Farmers say “Frack Off” to unconventional gas mining
Wednesday 8 March 2017
The verdict is a win for the Victorian Farmers Federation, which has long lobbied for the ban on unconventional gas exploration, as well as a moratorium on conventional gas extraction until 2020.
“This decision will give security to our landholders and reinforces a commitment to long term investment in the Victorian agriculture industry,” VFF President David Jochinke said.
“It’s fantastic to see both sides of politics swing their support behind our farmers by voting to ensure fracking is permanently banned.”
The decision comes as the Australian Bureau of Agricultural and Resource Economics and Sciences March agricultural report yesterday predicted farm value would reach $63.8 billion this financial year.
Mr Jochinke said it was a relief to see the State Parliament recognise the importance of agriculture to the local economy.
“What we have seen is a clear acknowledgement by our politicians of agriculture’s worth,” Mr Jochinke said.
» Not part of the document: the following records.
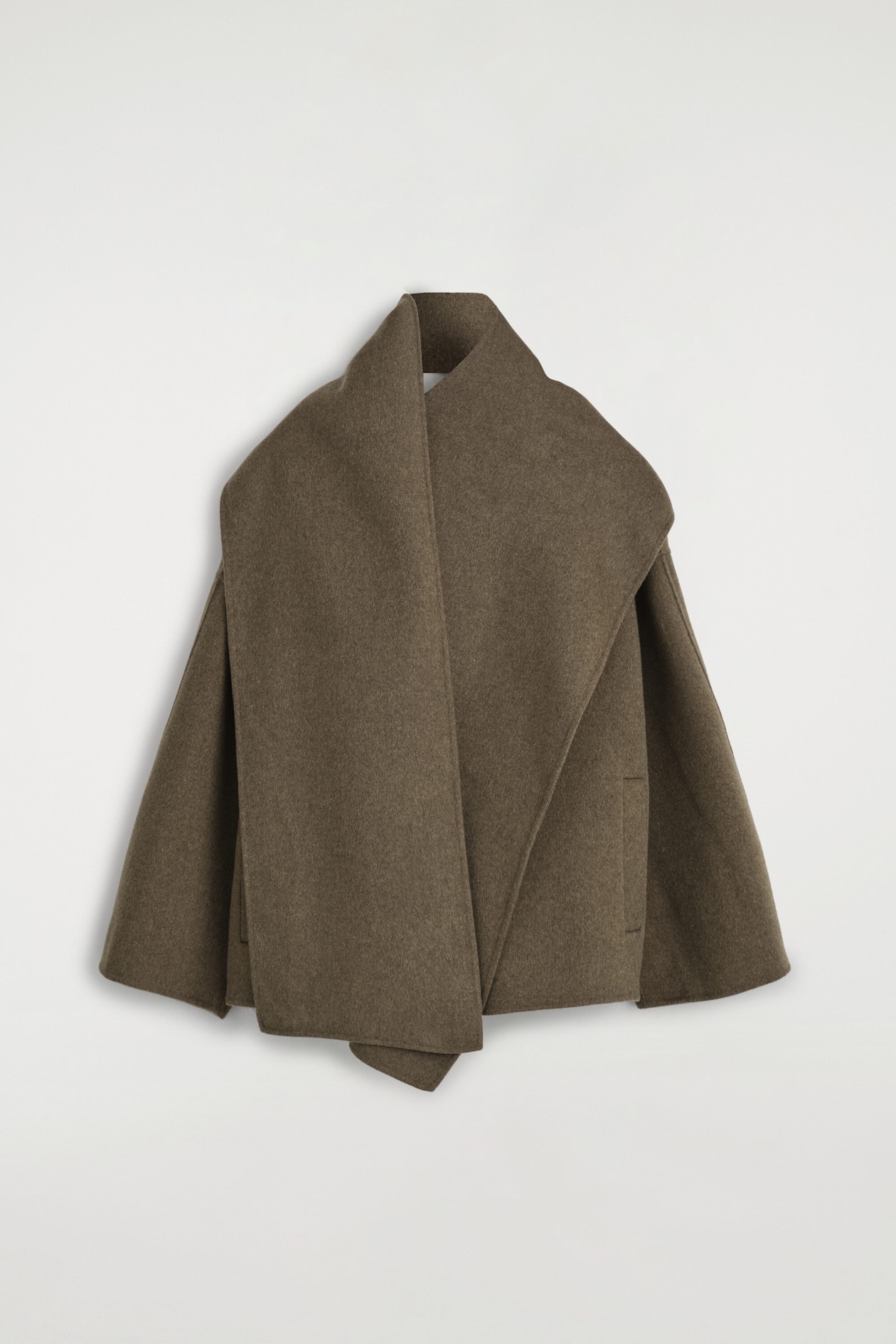 The double-faced wool-blend scarf jacket in a muted brown tone is hanging at a front angle, featuring an integrated scarf draped over the shoulders and front. The relaxed-fit garment showcases wide, flared sleeves and clean-finished edges.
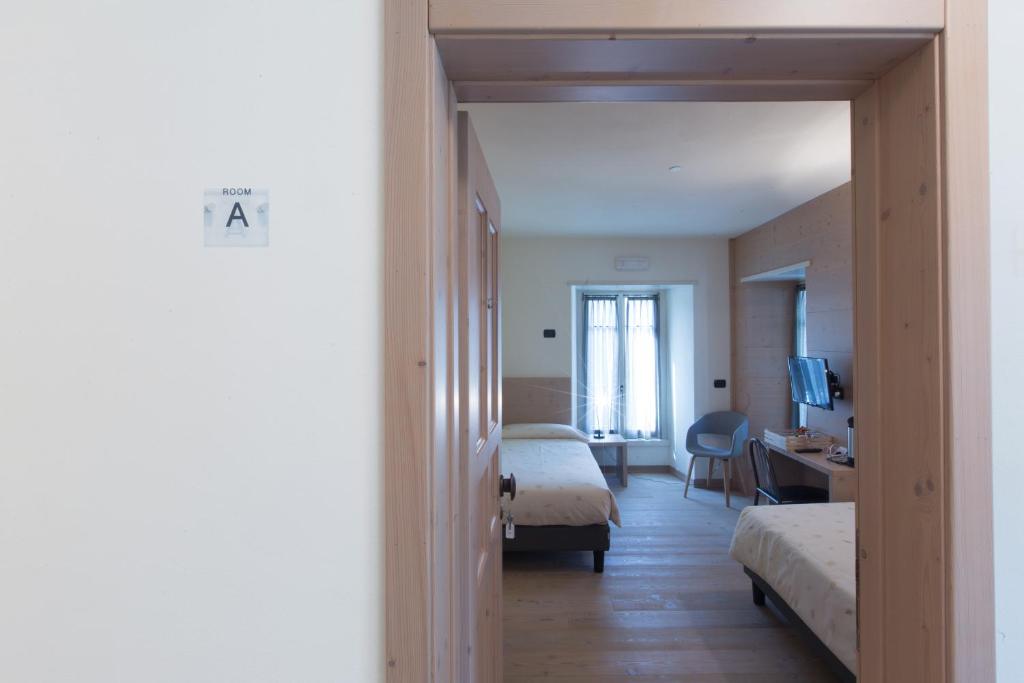 Postel nebo postele na pokoji v ubytování Marzia Rooms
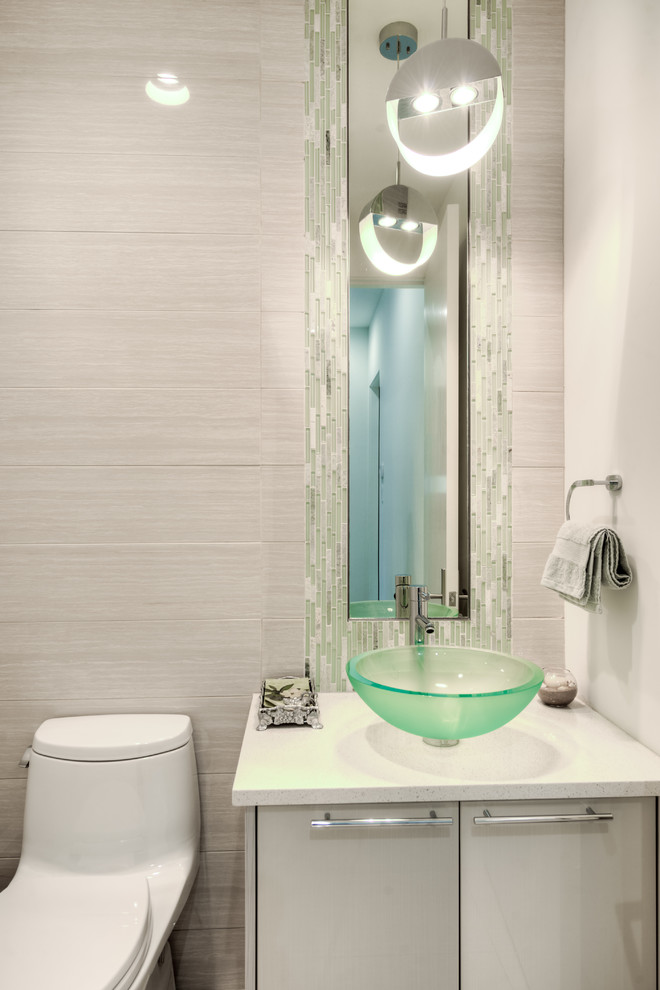 Immagine di un bagno di servizio minimalista di medie dimensioni con ante lisce, ante grigie, pareti grigie, lavabo a bacinella e top in superficie solida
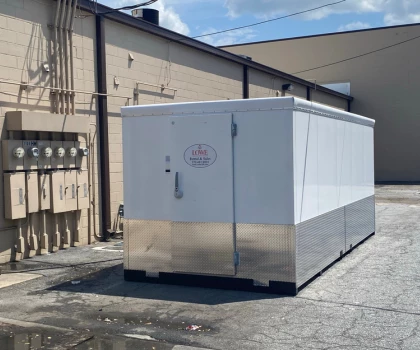 Large white storage container with a metallic base, situated on a concrete surface.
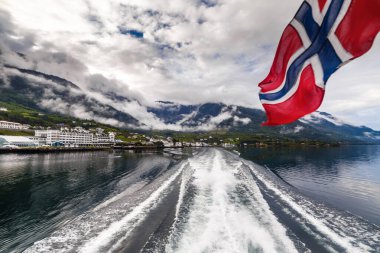 Norveç fiyordunu gösteren nefes kesici bir sahne görünür bir tekne uyanışıyla, dalgalanan bir Norveç bayrağı ve kısmen bulutlarla örtülü resimli dağlar..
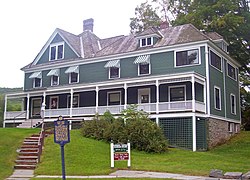 Une maison verte et blanche avec des toits pointus et des auvents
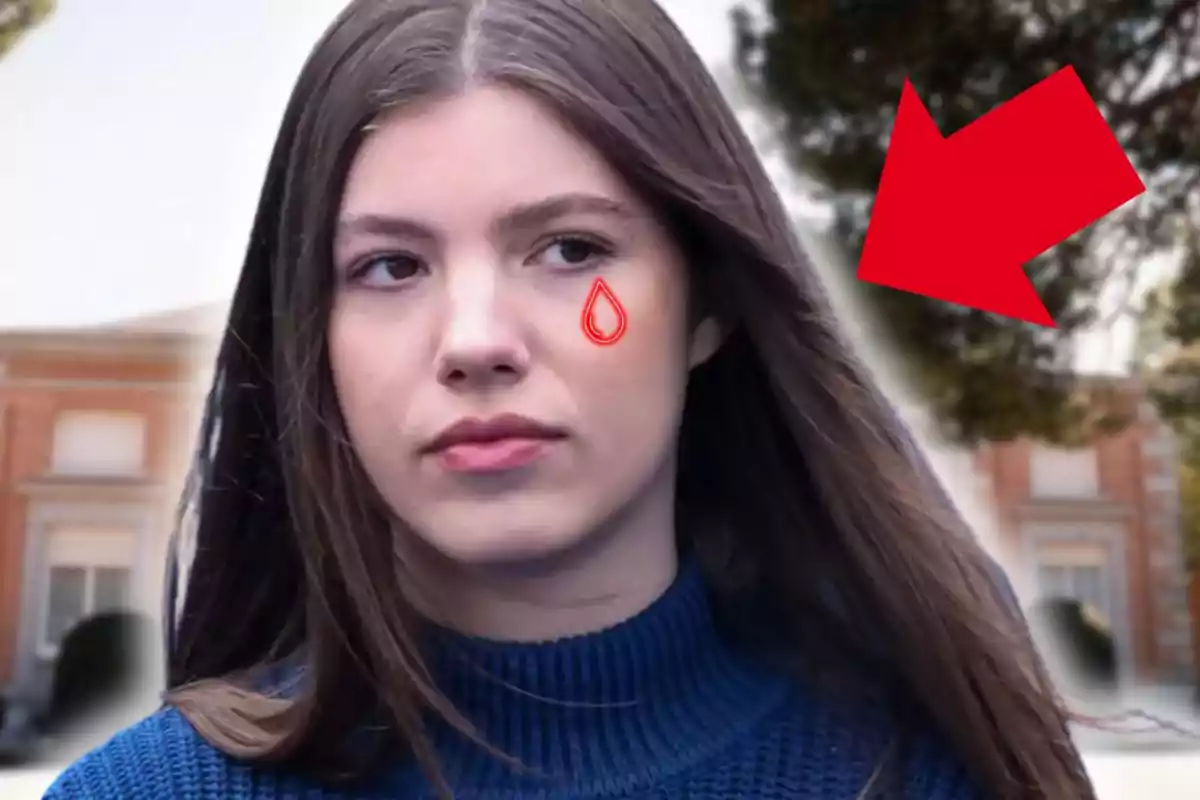 Joven de cabello largo y suelto con suéter azul, una lágrima dibujada en la mejilla y una flecha roja señalando su rostro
“Victoria has precious groundwater reserves and because the true environmental impact of onshore gas mining is still unknown, it would be reckless to put those reserves at risk without hard scientific evidence that show the risks of onshore gas development can be properly managed.”
Mr Jochinke also acknowledged the State Opposition for moving an amendment to the legislation that would give farmers the right to veto mining activity on their land if a conventional onshore gas industry is pursued in the future, although the amendment was not accepted.
“It’s pleasing to see that the right to veto has been discussed and that it is on the table if the issue is revisited when the moratorium on conventional gas is revisited in 2020,” he said.
The onshore gas debate in Victoria has been fraught with confusion over the differences between unconventional and conventional gas exploration.
Unconventional gas refers to an underground source of natural gas found in the layers of three types of rock structures (coal seams, tight rocks and shale rocks), which may be extracted by high pressure pumping of water, sand and sometimes chemicals into these structures to release the gas.
Conventional gas is a simpler process that involves drilling directly into gas trapped in porous rocks.